Contrary to how it might appear, I am an introvert. I know how to socialize, sure, and can. But it takes a lot out of me, I will not lie. When I am alone after socializing, I am spent and exhausted.
Then, when caring for people, and having to continue to socialize with my family and the people I love most dear in the world, it is even more draining, as I give them as much as I can.
The last three days have been a lot of caring, socializing, and praying with my tribe. And that means I am quite exhausted.
And am about to do more of it today. That caring for others thing. It was unexpected. It's good to be able to go care for our family and I love to do so. It's an honor. It's just that I am already exhausted.
So, how do I deal with this? How can I give others what I don't have in the tank to give?
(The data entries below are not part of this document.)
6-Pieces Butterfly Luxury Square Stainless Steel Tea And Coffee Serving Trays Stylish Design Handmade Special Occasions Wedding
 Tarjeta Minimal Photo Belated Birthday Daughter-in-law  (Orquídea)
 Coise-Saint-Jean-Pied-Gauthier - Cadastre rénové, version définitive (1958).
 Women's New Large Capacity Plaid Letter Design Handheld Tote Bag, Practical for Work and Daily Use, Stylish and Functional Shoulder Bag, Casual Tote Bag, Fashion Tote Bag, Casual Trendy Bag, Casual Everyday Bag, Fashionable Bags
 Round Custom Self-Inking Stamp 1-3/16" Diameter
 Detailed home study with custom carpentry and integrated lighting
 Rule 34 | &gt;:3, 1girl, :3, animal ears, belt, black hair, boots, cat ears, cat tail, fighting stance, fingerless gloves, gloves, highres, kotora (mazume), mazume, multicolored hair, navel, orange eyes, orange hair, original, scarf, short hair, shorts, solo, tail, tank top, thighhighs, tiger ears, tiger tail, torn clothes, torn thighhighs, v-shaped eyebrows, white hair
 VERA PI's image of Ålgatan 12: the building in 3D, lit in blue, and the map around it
This is when I do what I should have done to start with and pray and ask Adonai/God for rest, as I am weary and weighed by burden (Matthew 11:28).
Why is it the most obvious answer, and the one I should seek first, the one I too often seek second or third, rather than first? Why it is I know all the difference it would make, but do not choose the wisest path that would be most beneficial to not just me, but all in which I associate?
Seeking Him first and trusting Him, as I thank Him in and for all things, is the wisest solution to my exhaustion. After all, if I am caring for His flock, He will give me what I need to best provide for them, my family.
Prayer: Adonai, forgive me for not seeking You first and trusting You with my burden and weariness. You are always the answer. You are always the solution to all my problems. Help me to remember to seek You first, in all things. And when I do so, I will show my trust in You.